Le credo de Muray : "Les étiquettes, je les arrache." Il faut donc éviter d'extrapoler à partir de ses écrits : il analyse les contradictions de la société actuelle sans proposer un retour en arrière, ni appeler à la révolution. Pour lui, nous sommes entrés dans la fin de l'Histoire. Et de la géographie. "Nous voilà prisonniers d'un Trifouilly-les-Ondes global." La machine technocratique tente d'éliminer les différences, l'uniformisation est un rêve commercial. D'où son concept d'Homo festivus. Tout est une fête : "Entrons ensemble dans la danse ! Tous les jeux nous sont offerts ! C'est l'évasion ! La vie de pacha ! Floride ! Wonderland ! Californie !" Muray est le dernier rejeton de l'Internationale situationniste, l'héritier du Baudrillard de La société de consommation... L'annonciateur du cauchemar climatisé, Henry Miller, ne l'aurait pas renié. L'auteur de Chers djihadistes répondait au grotesque par des poèmes comiques. Son rire libérateur entraîne la réflexion. Par exemple quand il détecte l'envie du "tout pénal" : sous prétexte de combattre le Mal, l'empire du Bien impose des lois antidémocratiques.
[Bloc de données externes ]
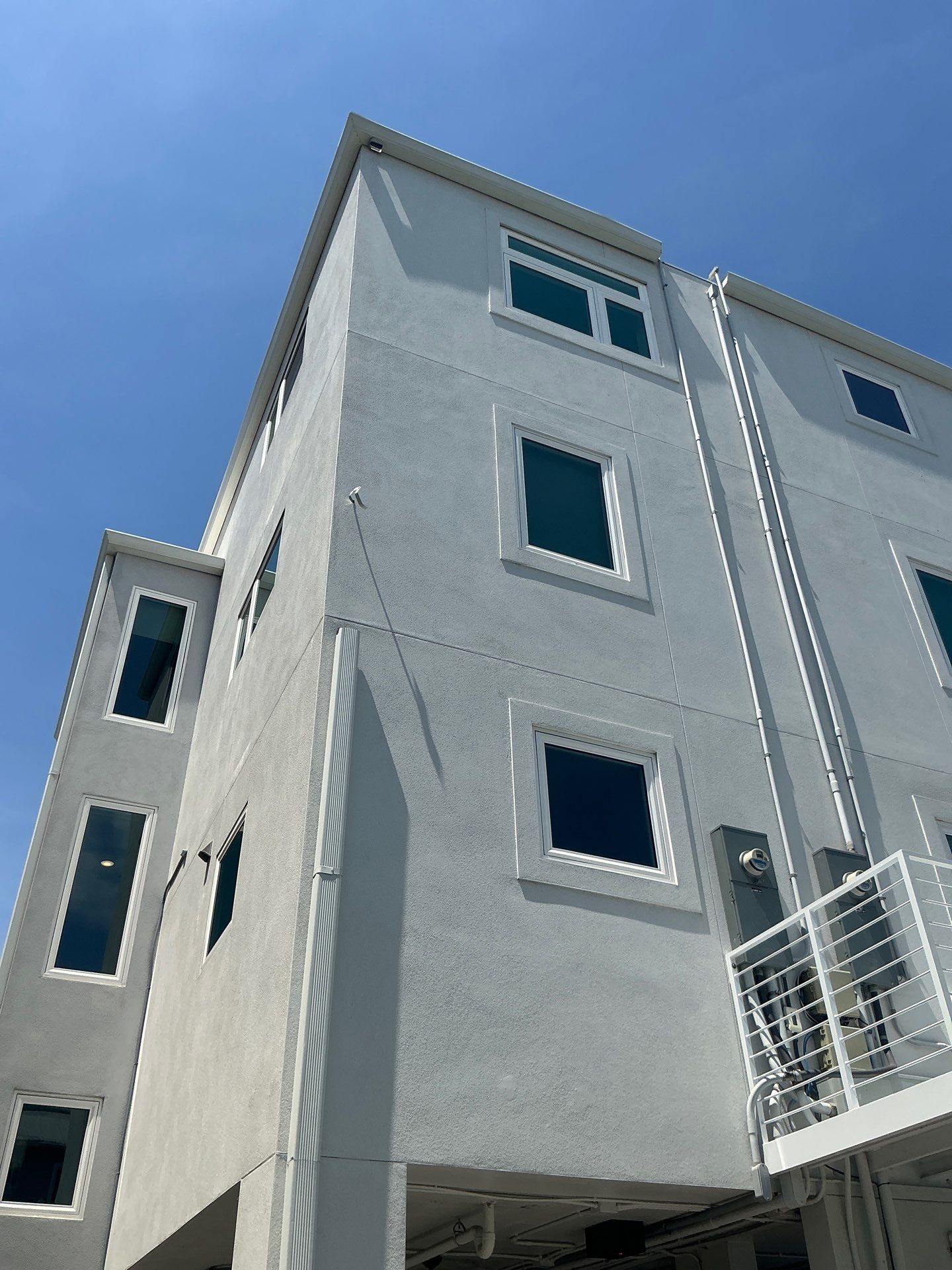 Seamless Gutters with Downspouts in Siesta Key FL by Gutter Professors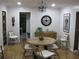 Elegant dining room with modern chandelier, round table, and four stylish chairs at 7026 Lenape Cir, New Port Richey, FL 34653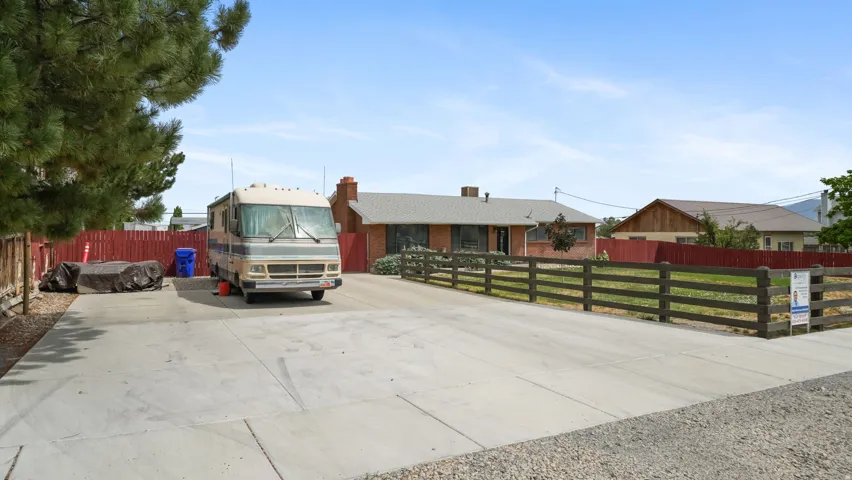 Spacious concrete driveway offering ample parking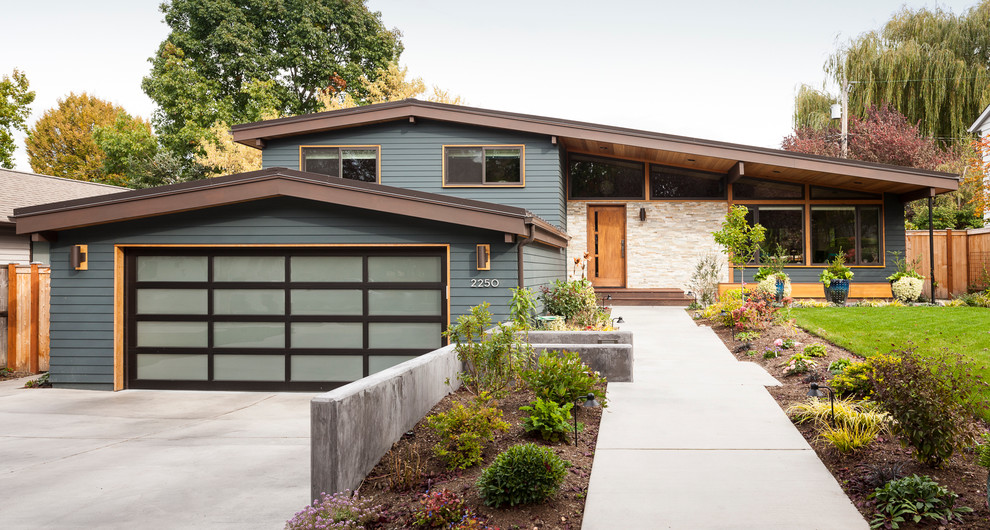 Medium sized and blue midcentury bungalow house exterior in Seattle with stone cladding.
Muray fut un moraliste pour qui l'esprit critique se devait d'être un art. Face aux intellectuels au sourire commercial, il jouait les ronchons de service. Il est mort d'un cancer du poumon. "Un grand style, comme les crimes parfaits, doit être longuement prémédité", écrivait-il. Gageons qu'il sera encore lu dans longtemps. Car sa vision du monde ne cesse de nous rappeler non pas au nihilisme, mais à la lucidité.
Autres critiques signalées : Sébastien Lapaque, "Philippe Muray, le mécomtemporain", Le magazine littéraire, novembre 2010. - Frédéric Saenen, "Philippe Muray, saboteur de l'Empire du bien", Le magazine des livres, novembre-décembre 2010.